Could someone please give a hint about how to solved the problem mathematically?

someone gave a formula for this

$$n = \frac{12!}{7! \times 2! \times 3!}$$

the denominator represents all the possible unique ways to get the combination of (Player A wins 7 games, Player B wins 2 games, 3 drawn)

what does the $$12!$$ part represent?

the corresponding R code is

(factorial(x = 12) / (factorial(x = 7) * factorial(x = 2) * factorial(x = 3))) * (0.4 ^ 7) * (0.35 ^ 2) * (0.25 ^ 3)


and got

#> [1] 0.02483712


the result is equal to the first one, but why? where does this code from?

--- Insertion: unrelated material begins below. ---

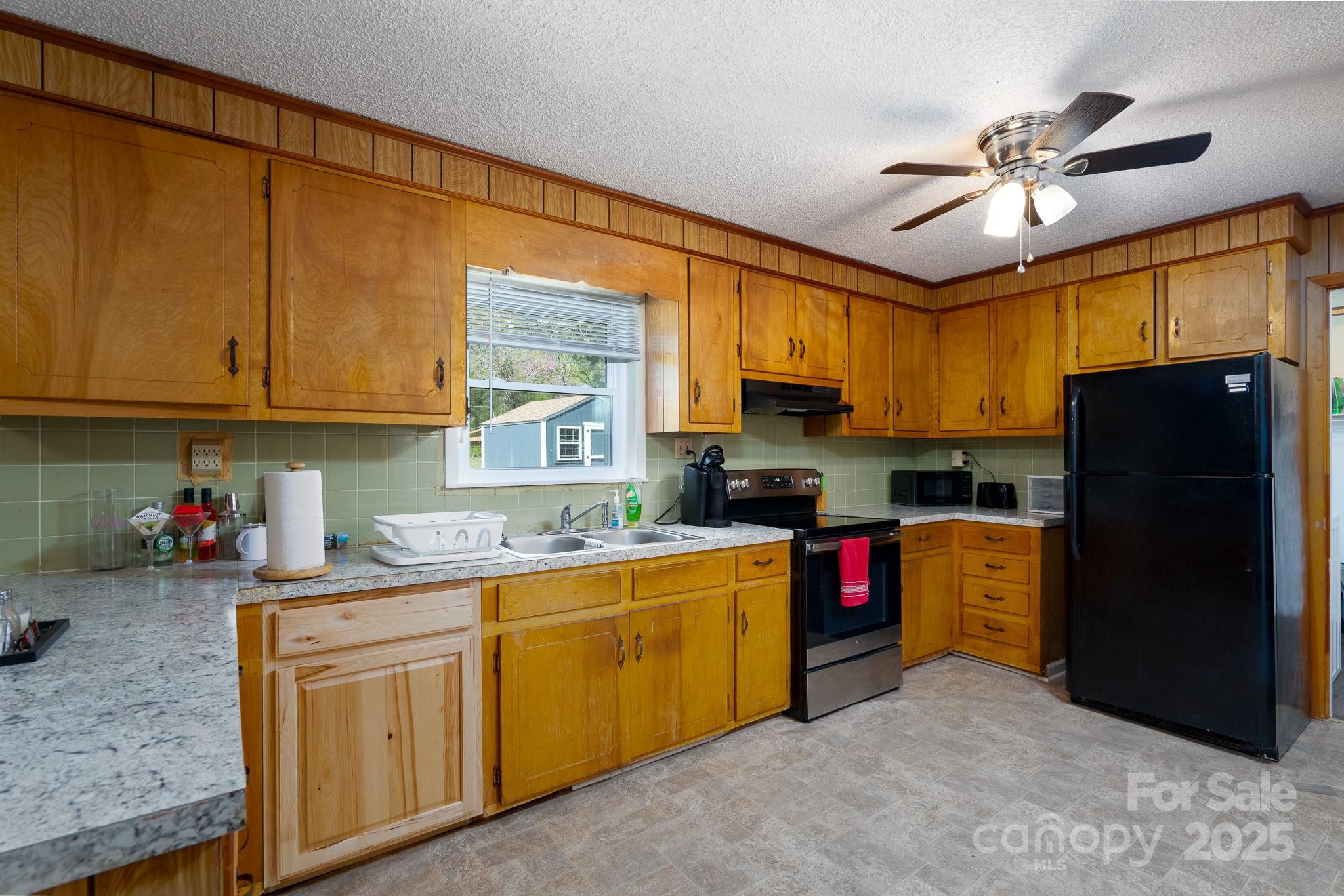 40359 Barnhardt Road New London, NC 28127 - Photo 17 of 41 Gallery Image 17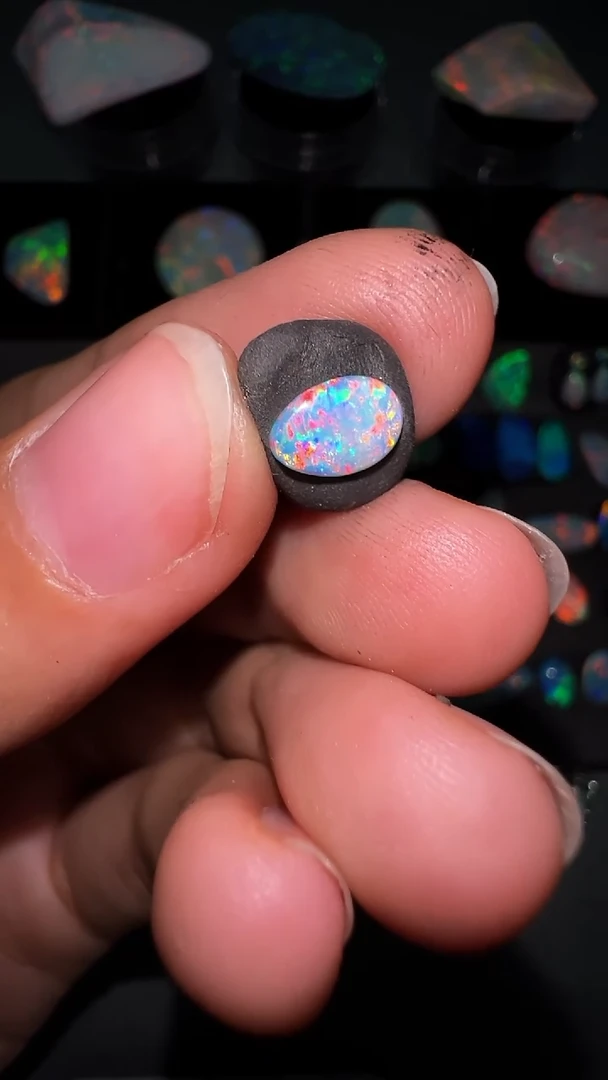 欧泊未镶嵌宝石澳洲天然欧泊特价7*4.7mm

• If you really want to understand the meanings of the factorials, like $12!,$ then see my explanation at stats.stackexchange.com/a/415878/919. BTW, that R code is useful for textbook exercises but fails (due to underflow or overflow) on real problems where the numbers might be a little larger. Use logarithms and log factorials (lfactorial) instead. – whuber Oct 15 '19 at 13:10
• en.wikipedia.org/wiki/Multinomial_distribution think about these games as making 12 rolls of 3-sided dice and apply formula ------------------------------ if you would want me to add more just add comment – quester Oct 15 '19 at 18:56

What we need to solve this question are two things
1) How likely is one pattern where player A wins 7 games, Player B two games, and 3 draws. For example AAAAAAABBDDD This is $$p = 0.4^7*0.35^2*0.25^3 = 3.136^{-6}$$

2) The number of patterns with 7 wins for A two wins for B and 3 draws.
This is a permutation of multisets (see Wikipedia) $$n!/k_1!k_2!...k_m!$$
$$n$$ = number of elements and n! is the number of possible sequences of n different objects
$$k_1 ... k_m$$= Number of similar elements of each group, By dividing we correct for the n! for the fact that we do not have n different objects but instead some groups

For your chess problem n = 12 as it is the number of games,
k1 = 7 (wins for A),
k2= 2 (wins for B) and
k3= 3 (draws)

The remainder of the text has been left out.